Closed sctrueew closed 1 year ago
...
// sort results
float* pdata = outputTensor.GetTensorMutableData<float>();
std::vector<std::pair<size_t, float>> indexValuePairs;
for (size_t i = 0; i < numClasses; ++i) {
indexValuePairs.emplace_back(i, pdata[i]);
}
std::sort(indexValuePairs.begin(), indexValuePairs.end(), [](const auto& lhs, const auto& rhs) { return lhs.second > rhs.second; });
// show Top5
for (size_t i = 0; i < 5; ++i) {
const auto& result = indexValuePairs[i];
std::cout << i + 1 << ": " << result.first << " " << result.second << std::endl;
}
The final result also needs to softmax()
I did that but didn't get the correct result
`std::vector<float> res;
float sum = 0.0f;
float t;
for (int i = 0; i < probVec.size(); i++) {
auto sec = probVec[i];
if (sec > 0) {
t = expf(sec);
res.push_back(t);
sum += t;
}
}
for (int i = 0; i < res.size(); i++) {
res[i] /= sum;
}
const int topk = std::min(5, (int)res.size());
for (size_t i = 0; i < topk; ++i) {
const auto& conf = res[i];
std::cout << " ID " << i << " - " << " confidence "
<< conf << std::endl;
}`
remove it. and topk is the top max, may be you shoul sort res
I've removed that. here is my final code:
` void loadObj()
{
std::cout << "OX model loading..." << std::endl;
std::string instanceName{ "Image classifier inference" };
env = std::make_shared<Ort::Env>(OrtLoggingLevel::ORT_LOGGING_LEVEL_WARNING,
instanceName.c_str());
/**************** Create ORT session ******************/
// Set up options for session
Ort::SessionOptions sessionOptions;
// Enable CUDA
if (config.isGPU)
sessionOptions.AppendExecutionProvider_CUDA(OrtCUDAProviderOptions{});
// Sets graph optimization level (Here, enable all possible optimizations)

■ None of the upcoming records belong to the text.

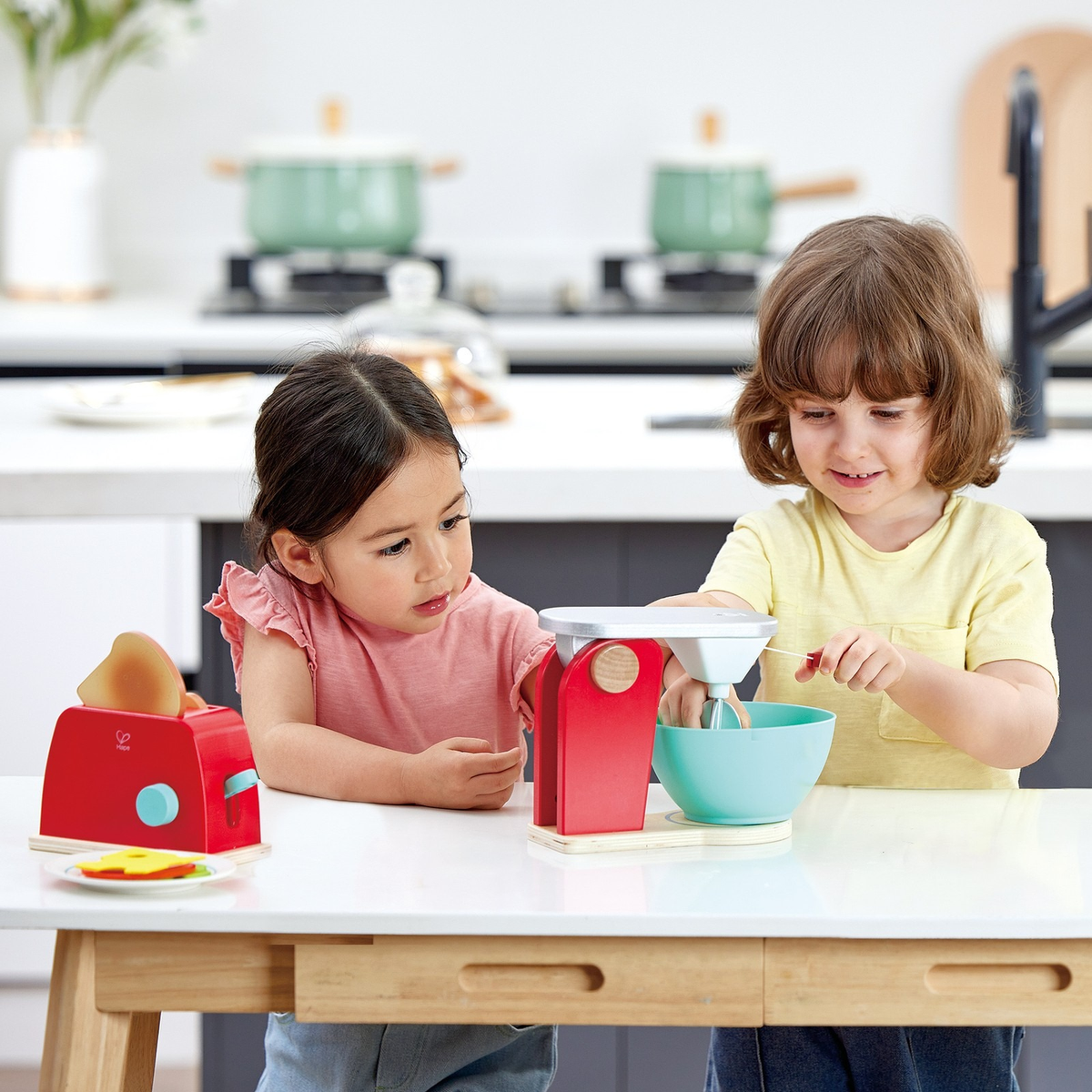 Hape Wooden Mix and Bake Set Toy Kitchen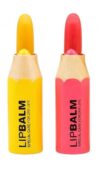 Dream Crayon Lip Balms, Crayon-Shaped Moisturizing Lip Care, Assorted Fruit Flavors, Glossy Finish 2-Pack
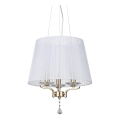 Ideal Lux - Krištáľový luster na lanku PEGASO 3xE14/28W/230V pr. 40 cm zlatá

sessionOptions.SetGraphOptimizationLevel(
GraphOptimizationLevel::ORT_ENABLE_ALL);
// Create session by loading the onnx model
std::wstring widestr = std::wstring(config.modelPath.begin(), config.modelPath.end());
const wchar_t* model_path = widestr.c_str();
session = std::make_shared<Ort::Session>(*env, model_path,
sessionOptions);
std::cout << "OX model loaded" << std::endl;
}
std::vector<float> loadImage(const cv::Mat frame, int sizeX = 224, int sizeY = 224)
{
cv::Mat image = frame;// cv::imread(filename);
if (image.empty()) {
std::cout << "No image found.";
}
// convert from BGR to RGB
cv::cvtColor(image, image, cv::COLOR_BGR2RGB);
// resize
cv::resize(image, image, cv::Size(sizeX, sizeY));
// reshape to 1D
image = image.reshape(1, 1);
std::vector<float> vec;
image.convertTo(vec, CV_32FC1, 1. / 255);
// Transpose (Height, Width, Channel)(224,224,3) to (Chanel, Height, Width)(3,224,224)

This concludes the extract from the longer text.